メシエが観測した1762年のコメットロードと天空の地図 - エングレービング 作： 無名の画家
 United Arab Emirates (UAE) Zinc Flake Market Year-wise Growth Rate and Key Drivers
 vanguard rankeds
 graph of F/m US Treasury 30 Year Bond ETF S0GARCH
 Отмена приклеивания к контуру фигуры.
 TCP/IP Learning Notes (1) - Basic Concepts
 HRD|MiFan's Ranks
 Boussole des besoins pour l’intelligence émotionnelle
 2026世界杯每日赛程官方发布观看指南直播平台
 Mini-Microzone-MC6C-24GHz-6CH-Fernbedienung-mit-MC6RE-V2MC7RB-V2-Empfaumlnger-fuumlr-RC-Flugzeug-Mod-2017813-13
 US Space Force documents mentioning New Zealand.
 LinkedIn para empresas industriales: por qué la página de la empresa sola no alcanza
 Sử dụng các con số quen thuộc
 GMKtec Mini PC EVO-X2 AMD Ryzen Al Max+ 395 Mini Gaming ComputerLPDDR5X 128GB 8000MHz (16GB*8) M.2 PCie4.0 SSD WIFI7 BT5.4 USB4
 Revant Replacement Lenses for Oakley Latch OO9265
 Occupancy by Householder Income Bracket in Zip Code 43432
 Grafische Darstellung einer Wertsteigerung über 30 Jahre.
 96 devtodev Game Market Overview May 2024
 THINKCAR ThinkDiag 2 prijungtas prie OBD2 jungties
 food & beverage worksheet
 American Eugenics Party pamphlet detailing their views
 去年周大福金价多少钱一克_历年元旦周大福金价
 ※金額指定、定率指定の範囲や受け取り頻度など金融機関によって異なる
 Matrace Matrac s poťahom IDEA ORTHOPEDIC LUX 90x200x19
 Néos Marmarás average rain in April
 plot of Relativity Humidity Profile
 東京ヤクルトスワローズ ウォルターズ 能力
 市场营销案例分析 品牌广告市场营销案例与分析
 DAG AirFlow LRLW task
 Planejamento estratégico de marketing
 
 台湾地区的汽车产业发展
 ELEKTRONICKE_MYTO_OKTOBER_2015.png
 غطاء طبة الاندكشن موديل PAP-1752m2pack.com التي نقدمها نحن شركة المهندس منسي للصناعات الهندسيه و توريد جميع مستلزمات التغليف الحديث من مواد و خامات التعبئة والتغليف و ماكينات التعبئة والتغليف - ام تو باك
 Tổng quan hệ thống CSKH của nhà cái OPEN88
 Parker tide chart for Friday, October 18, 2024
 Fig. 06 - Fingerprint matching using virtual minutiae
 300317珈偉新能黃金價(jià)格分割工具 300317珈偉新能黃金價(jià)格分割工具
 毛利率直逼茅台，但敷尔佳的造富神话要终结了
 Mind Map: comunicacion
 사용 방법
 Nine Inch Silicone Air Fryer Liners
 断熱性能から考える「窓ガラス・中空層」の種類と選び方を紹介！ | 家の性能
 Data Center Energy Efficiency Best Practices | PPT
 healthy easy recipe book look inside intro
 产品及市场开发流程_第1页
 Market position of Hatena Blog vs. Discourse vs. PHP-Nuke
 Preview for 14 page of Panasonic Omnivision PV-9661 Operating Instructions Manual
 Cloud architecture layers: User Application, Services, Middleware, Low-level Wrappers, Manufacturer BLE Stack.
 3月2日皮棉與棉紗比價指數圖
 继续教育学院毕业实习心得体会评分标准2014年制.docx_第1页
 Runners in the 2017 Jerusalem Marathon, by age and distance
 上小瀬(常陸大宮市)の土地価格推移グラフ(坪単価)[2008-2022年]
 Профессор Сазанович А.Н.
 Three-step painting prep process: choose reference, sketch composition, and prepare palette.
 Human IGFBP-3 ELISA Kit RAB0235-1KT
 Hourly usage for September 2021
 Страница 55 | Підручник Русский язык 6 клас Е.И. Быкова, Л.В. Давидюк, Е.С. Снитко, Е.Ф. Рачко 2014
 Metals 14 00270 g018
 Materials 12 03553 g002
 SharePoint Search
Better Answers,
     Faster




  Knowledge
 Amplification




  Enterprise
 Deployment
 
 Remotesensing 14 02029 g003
____
**Your objective**
Lines from the top of the data above through the line containing "LinkedIn para empresas" must be repeated exactly. All other lines stay out.

**Output for this exercise**
メシエが観測した1762年のコメットロードと天空の地図 - エングレービング 作： 無名の画家
 United Arab Emirates (UAE) Zinc Flake Market Year-wise Growth Rate and Key Drivers
 vanguard rankeds
 graph of F/m US Treasury 30 Year Bond ETF S0GARCH
 Отмена приклеивания к контуру фигуры.
 TCP/IP Learning Notes (1) - Basic Concepts
 HRD|MiFan's Ranks
 Boussole des besoins pour l’intelligence émotionnelle
 2026世界杯每日赛程官方发布观看指南直播平台
 Mini-Microzone-MC6C-24GHz-6CH-Fernbedienung-mit-MC6RE-V2MC7RB-V2-Empfaumlnger-fuumlr-RC-Flugzeug-Mod-2017813-13
 US Space Force documents mentioning New Zealand.
 LinkedIn para empresas industriales: por qué la página de la empresa sola no alcanza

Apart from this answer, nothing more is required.